S&P 500 futures rose 8.3 points and were above fair value, a formula that evaluates pricing by taking into account interest rates, dividends and time to expiration on the contract. Dow Jones industrial average futures rose 62 points, and Nasdaq 100 futures added 11.5 points.
Technology issues were among early strong gainers, with Apple Inc (APPL.O) up 2.1 percent, and Dell Inc (DELL.O) adding 1.1 percent.
Geithner urged Europeans to work with Washington on a consistent approach to financial reform as the European Commission unveiled plans for a crisis levy on banks. Theeuro-zone debt crisis has shaken world markets and fueled fears about a double-dip recession.

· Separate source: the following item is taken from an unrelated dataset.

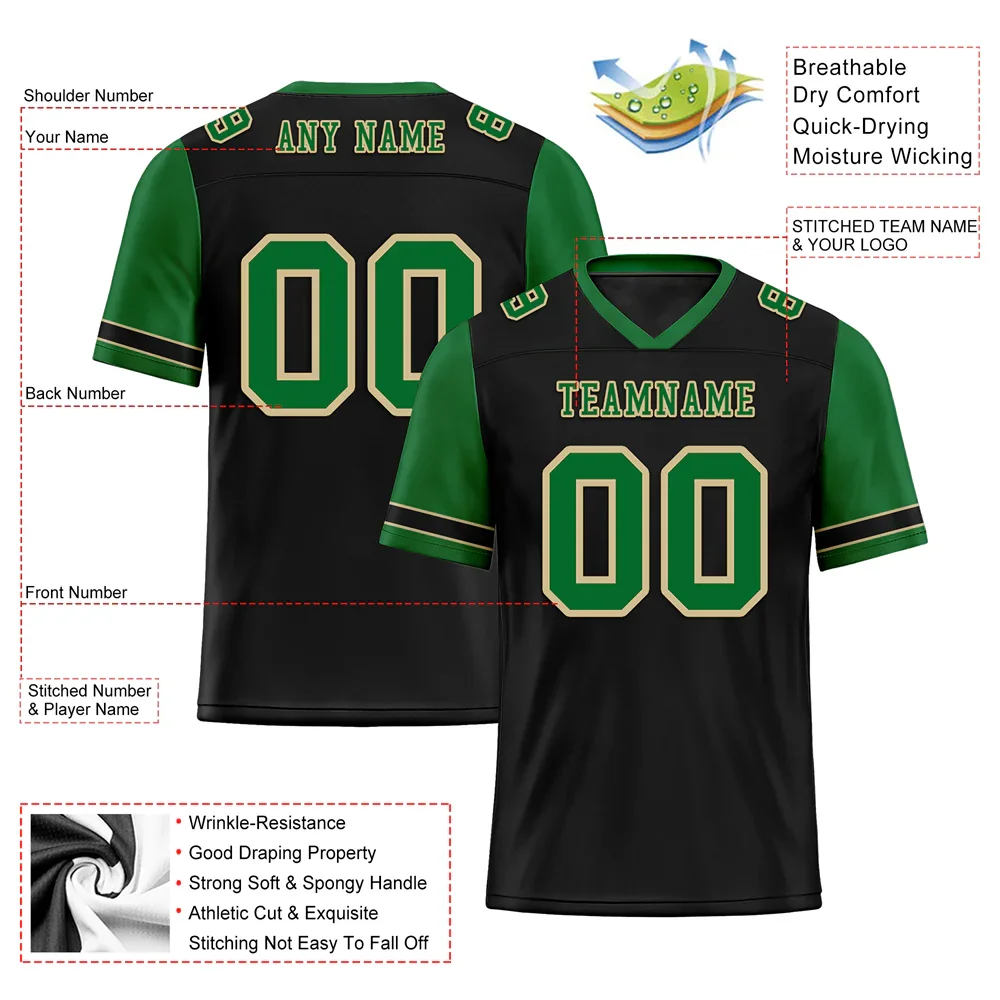 Custom Black Green Two Tone Green Personalized Authentic Football Jersey FBJ02-bc0f097 - Coolcustomize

Commodity prices also bounced back after steep declines. Oil futures rose 2 percent to top $70 a barrel after a report showed a drop in U.S. gasoline stockpiles.
That helped energy companies like Anadarko Petroleum Corp (APC.N), which rose 1.4 percent, and Schlumberger Ltd (SLB.N), which gained nearly 2 percent.
U.S. indexes have entered a technical correction, falling more that 10 percent from a recent peak on April 23. But Tuesday's late rally pushed the Dow industrials back above the psychologically important 10,000 level.
European stocks rose 2.4 percent Wednesday morning, bouncing back from nine-month lows in the previous session, while Japan's Nikkei average closed up 0.7 percent after tumbling to a six-month low.
New orders for long-lasting U.S. manufactured goods increased more than expected in April, boosted by bookings for aircraft, but fell for the first time in three months, excluding transportation.